TASK INSTRUCTIONS: Give again, word for word, every line below from the one that has "Elektronický termostat zapuštěný" through the one that has "women's high-waisted denim", both included, and no others.

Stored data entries
[Start of section]

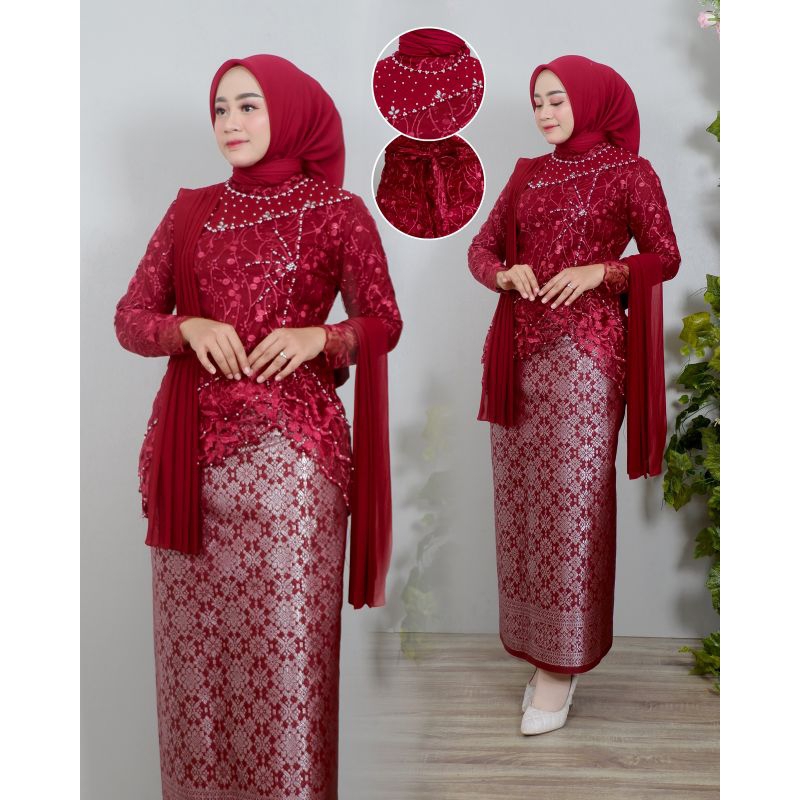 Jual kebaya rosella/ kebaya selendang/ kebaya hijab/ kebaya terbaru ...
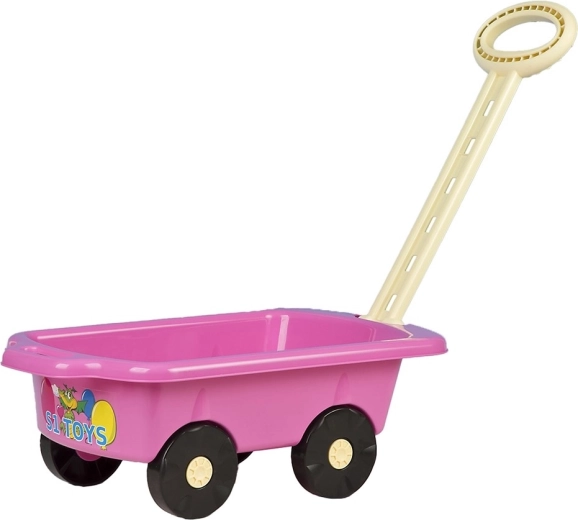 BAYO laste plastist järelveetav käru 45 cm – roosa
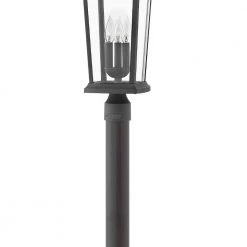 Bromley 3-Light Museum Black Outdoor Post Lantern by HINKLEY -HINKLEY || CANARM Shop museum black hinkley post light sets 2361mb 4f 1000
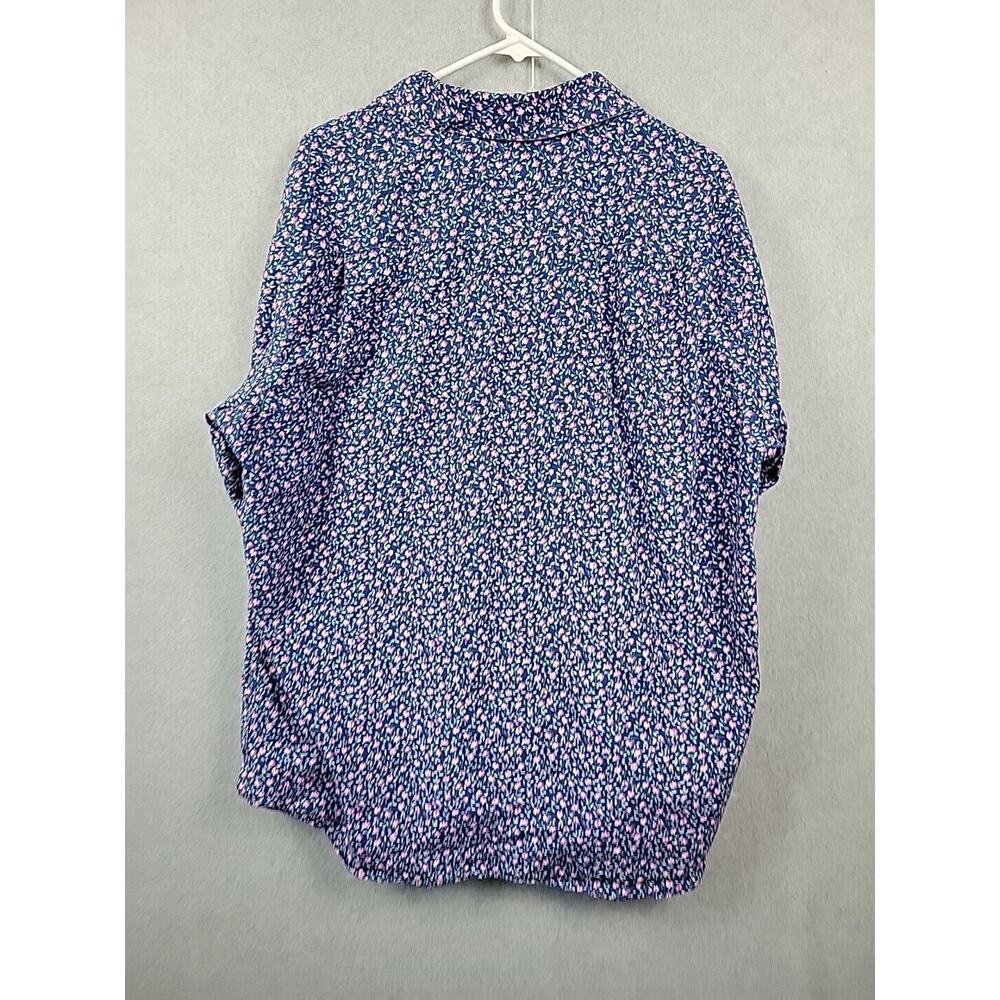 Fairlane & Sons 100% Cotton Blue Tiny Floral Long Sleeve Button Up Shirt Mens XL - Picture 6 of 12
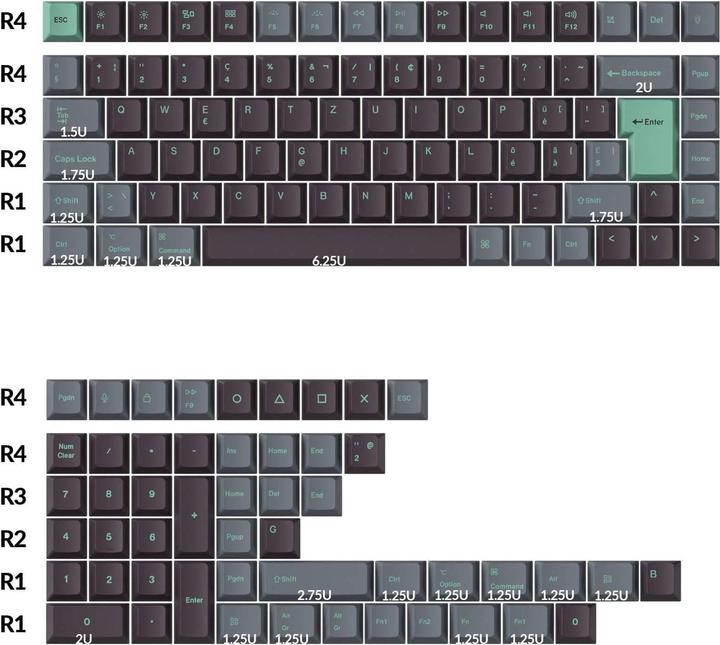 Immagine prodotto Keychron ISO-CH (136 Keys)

[End of section]
[Start of section]

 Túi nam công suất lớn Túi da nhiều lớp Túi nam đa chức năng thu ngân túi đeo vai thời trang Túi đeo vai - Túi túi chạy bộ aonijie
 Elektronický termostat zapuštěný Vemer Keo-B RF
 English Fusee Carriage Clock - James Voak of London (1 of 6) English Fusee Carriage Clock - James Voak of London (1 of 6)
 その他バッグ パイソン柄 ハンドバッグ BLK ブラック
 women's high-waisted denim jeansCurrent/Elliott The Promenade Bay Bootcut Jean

[End of section]

RESULT BELOW:
 Elektronický termostat zapuštěný Vemer Keo-B RF
 English Fusee Carriage Clock - James Voak of London (1 of 6) English Fusee Carriage Clock - James Voak of London (1 of 6)
 その他バッグ パイソン柄 ハンドバッグ BLK ブラック
 women's high-waisted denim jeansCurrent/Elliott The Promenade Bay Bootcut Jean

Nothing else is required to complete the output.